I placed a coffee cup in front of John and asked him to grab it [with his phantom limb]. Just as he said he was reaching out, I yanked the cup away.
"Ow!" he yelled. "Don't do that!"
"What's the matter?"
"Don't do that", he repeated. "I had just got my fingers around the cup handle when you pulled it. That really hurts!"
Hold on a minute. I wrench a real cup from phantom fingers and the person yells, ouch! The fingers were illusory, but the pain was real - indeed, so intense that I dared not repeat the experiment.
-V.S. Ramachandran, Phantoms in the Brain
So intense that i dared not repeat the experiment. I don't talk about my father much. Indeed, if anything, i think i'm pretty cavalier about the whole affair. I'll claim i was too young to really know him, that my memories of him are grey and indistinct: he was more a presence in my young life, despite being a constant and loving one. But it's a time for family, for recollection, for the women i love (mothers, aunts, sister, grandmothers) to gather and tell stories of dead men. All things are blameless in death, especially parents and lovers.
"A
phantom limb is the sensation that an amputated or missing limb is still attached to the body and is moving appropriately with other body parts"

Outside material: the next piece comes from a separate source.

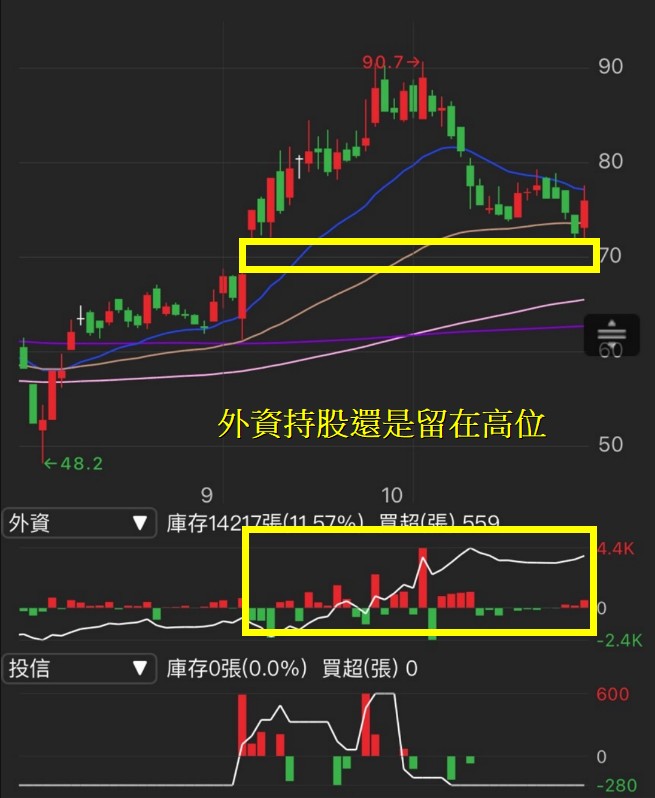 【籌碼K線】均線糾結是什麼？突破均線糾結就是起漲點？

Oh, you had a limb once. A beautiful, strong, faultless appendage. It rose with you in the morning and served you well, if silently, all the live long day until sleep would steal its function. We all remember your limb, how it glistened with bath water, how it would grasp and hold, how it would touch and welcome, clutching other limbs, other bodies to itself, almost jealously. We remember its smells, its sights, its hidden strength. Yes, you had a wonderful limb. And sometimes, when the season is cold and the nights are long, when mangers are dragged from closets and we gather to speak and reminisce, there is a tingling, a scratching, a lingering unplaceable sensation. It takes stories to remind us of what has been cleaved away and we mumble apologies, leaving to claw at stumps. There are experiments too intense, stories too near. We are all bodies without.